I am the sort of person who will stop someone on the street (okay, so I pause in wonderment and then end up chasing after them most of the time) to ask what make their outfit/bag/etc is. But there are so few opportunities to discover fashion in this way for me. I think that's why I crave another style of life even though I know the glamourous parties would bore me rigid. The outfits around me would delight me and I'd have an excuse for all the outrageous clothes I want to wear.

I won't fight to become a part of it though. I spent my childhood being treated to trips to beautiful places by my father who wanted to teach me the nicer things in life. He was encouraged by my mother who had lived the high life as a child and saw in me the appreciation of beautiful things and graceful company. Despite my love of decadence and need to be around people who are cultured and well brought up I then spent my teens trying to claw my way out of boarding school. It was infested by people whose only love was money and who delighted in trampling upon anyone who didn't reach their expectations or wear what Vogue told them was the thing to have. I'm softed hearted so I fought for everyone they trampled upon and insisted on doing my own thing despite the trouble it caused for me. My mother insisted that I try to fit in and bought me the clothes I needed for that but I felt alien and just couldn't do it. So I quickly aquired an attitude of "this is me, deal with it!"

I finally settled in my late teens and early twenties into the music world. I'm not a musician but I love and breathe music and seem to be good company for those who create it.
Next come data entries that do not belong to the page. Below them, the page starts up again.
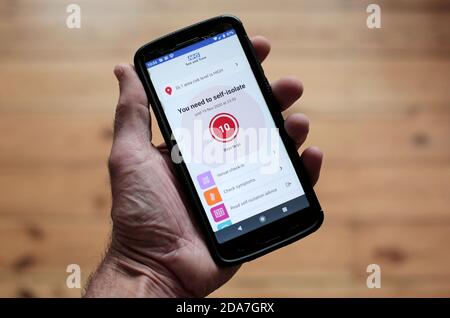 Die NHS Test and Trace App blinkt eine Selbstisolierung Warnung auf einem Smartphone. 10/11/2020. Foto: Stuart Boulton. Stockfoto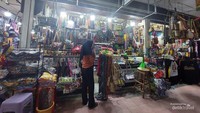 Selain barang etnik khas Kalimantan juga menjual batu batu permata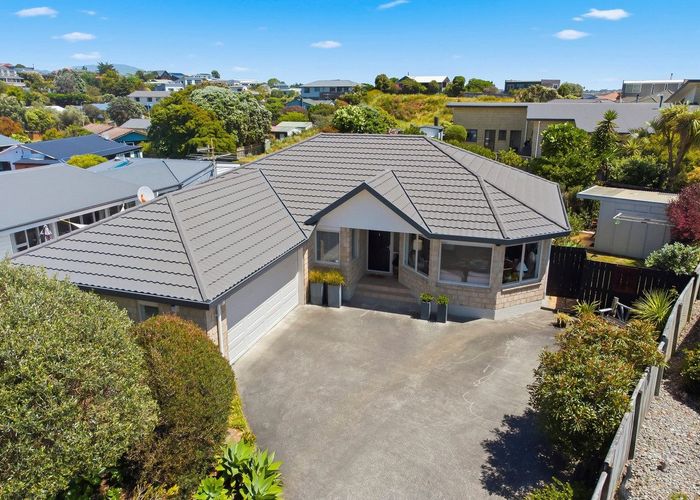  at 10 Barrett Drive, Waikanae Beach, Kapiti Coast, Wellington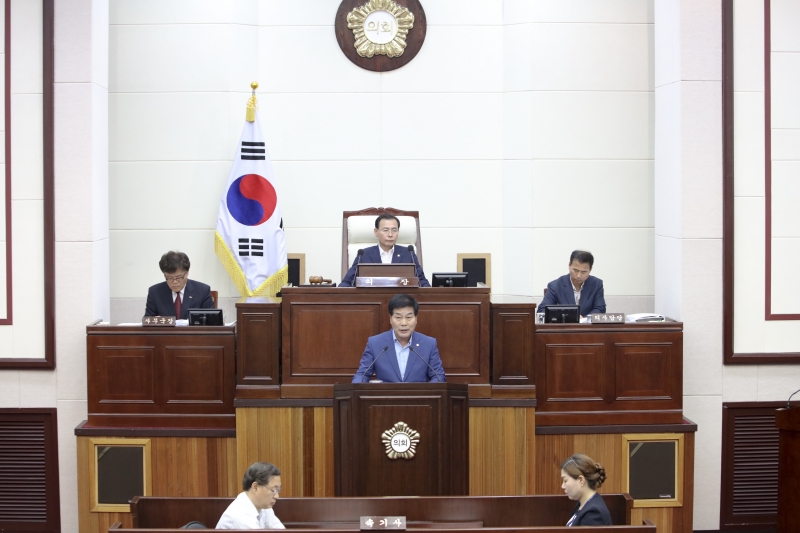 20170602-058[IMG_7084-제214회 정례회 제1차 본회의시 안주찬 의회운영위원장 예산결산특별위원회 구성결의안 제안설명.JPG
The backstage doors opened up for me easily and I was finally in an environment where I gained respect for being myself and respected the musicians right back for being such amazingly creative beings and treating me well. I was adored for my quirky appearance and extensive knowledge, encouraged to push my style further and was finally completely at ease.
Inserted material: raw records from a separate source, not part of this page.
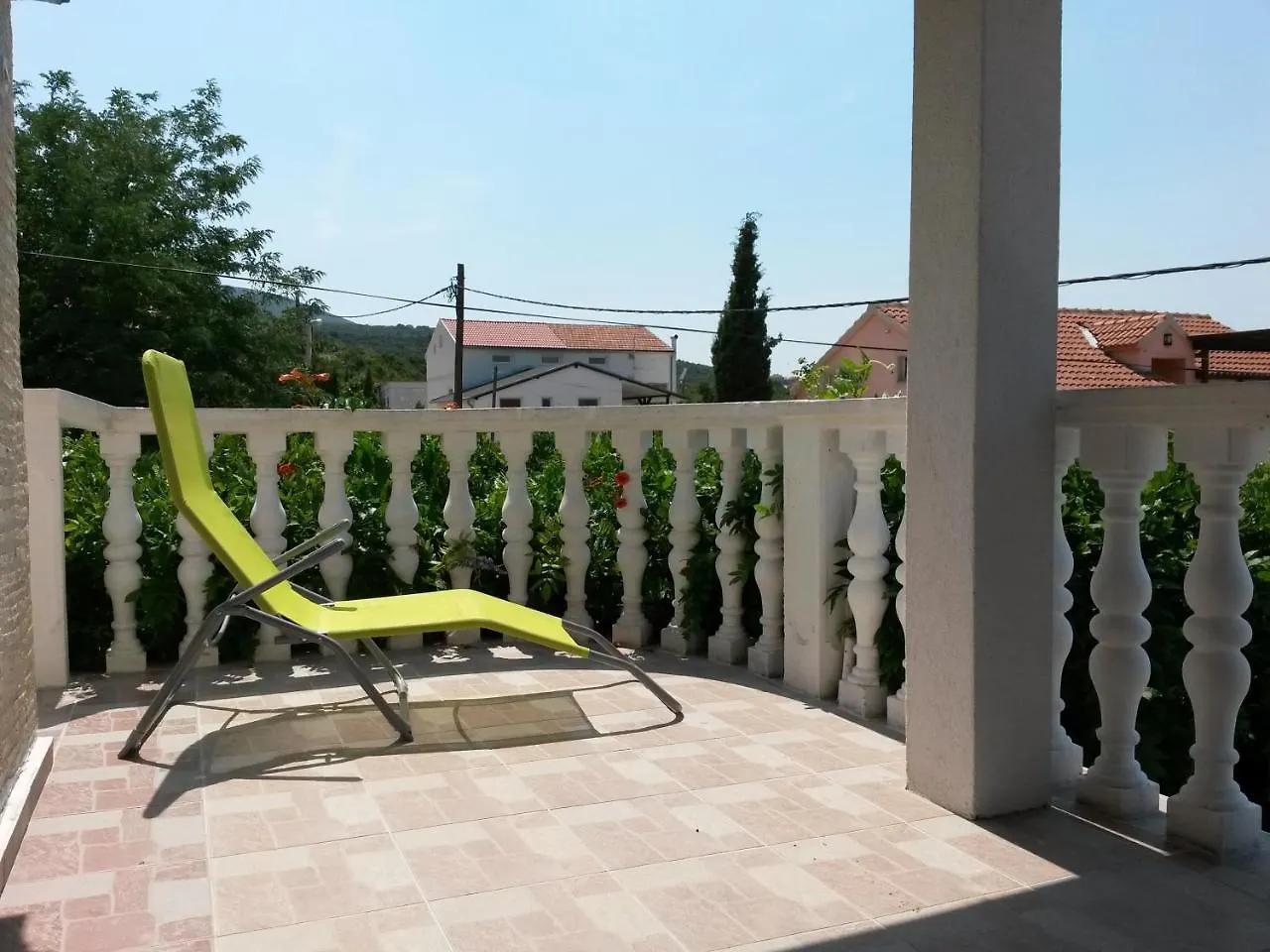 Apartment Ana Gornji Karin 0*,  Croatia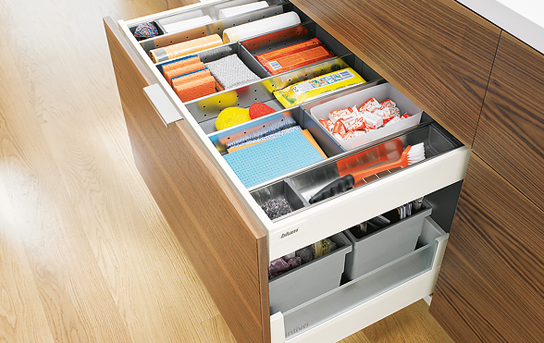 حاويات مع تفاهات المنزلية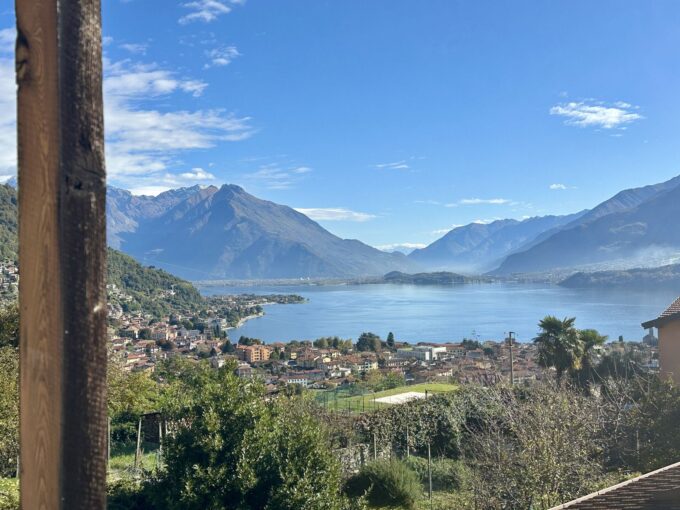Steinhaus mit Seeblick Gravedona ed Uniti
People think that the backstage, touring lifestyle is glamorous. It's not. There's a lot of travel but you don't get to seeing anything. The grotty backstage areas of venues are rarely as plush as the public areas. Hotels are for crash landing in and the only time you get to explore somewhere is in the early hours of the morning in an impossible quest for post-gig food. The music makes it worth it though.
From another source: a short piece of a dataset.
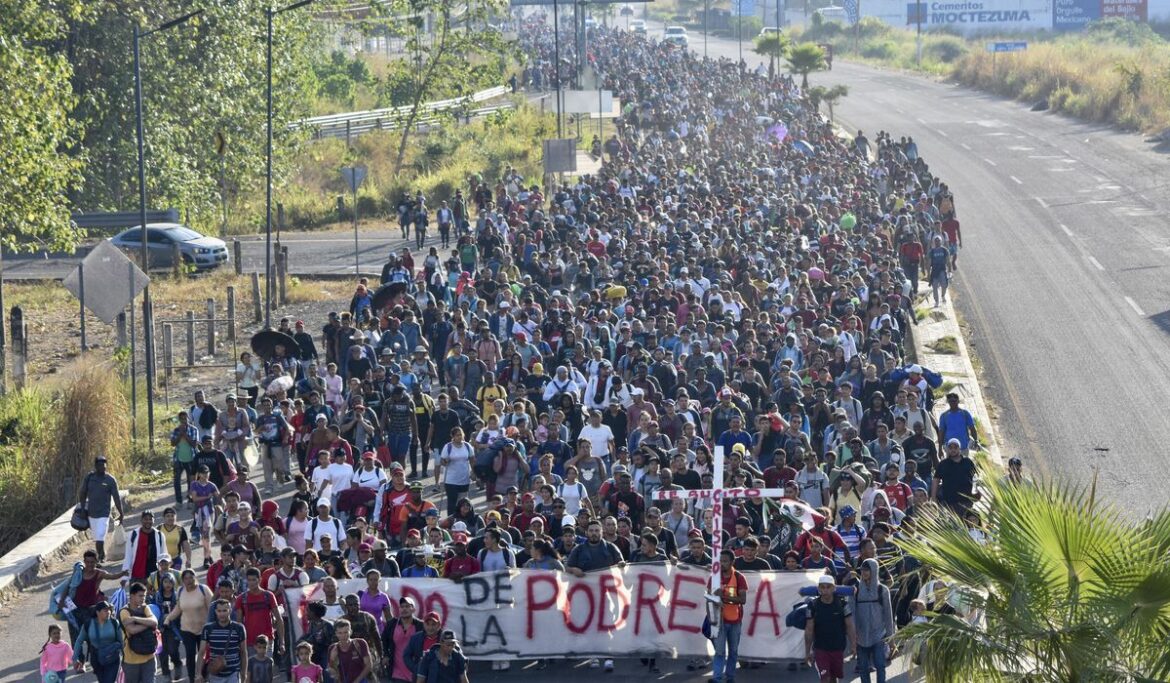 Thousands join migrant caravan ahead of Secretary of State Antony Blinken's visit to Mexico City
Now I've done all that to excess. I still love it, but I'm craving for the nicer life. I want comfy sofas, beautiful art and staff who speak to you in a nice manner. I don't want to spend my entire life squashed in a crowd one minute and sat for hours waiting on the band to pack up, do their press interviews and sign autographs the next. I'd tired of only seeing backstage venues and cities that are asleep and dark in the night time. When I'm not at work, I want to spend my time with people who aren't working either and spend it in nice places.

I'm not giving up the groupie lifestyle entirely because I love music too much and am too drawn to the men that make it. ...but I want the nice life my parents taught me. Like I said though, I'm not fighting to jon the fashion and art scene. If I had it full time I'd only crave a bit of room trashing, some racous rock'n'roll and a bag of chips. And I'm not leaving my lovely home in Yorkshire for tha chaos of London. I just want to be able to dip into it now and then, graced with the company of people who love art, fashion and music as much as I do.

So, it's either that or everyone starts wearing PVC and bacofoil. ;)

1 comment:

  1. Awwwwww, *blushblushblush*.

    Anyway, onto pvc dresses with bacofoil. I DOOOOO want people to wear them, but I was simply pointing out that the world would be awfully boring if people only ever ran around in pvc/foil dresses and nothing else (in the same way as if they only ran around in leggings and topshop dresses....whoops, that's already happened, hasn't it??).

    It's the "infinite variety" which makes me tick, and unenforced uniforms (whether they be beige sacks or PVC dresses or Sarah Whitworth fishtail-y corset things) just make me want to throw things, mainly make-up and fabric, at people.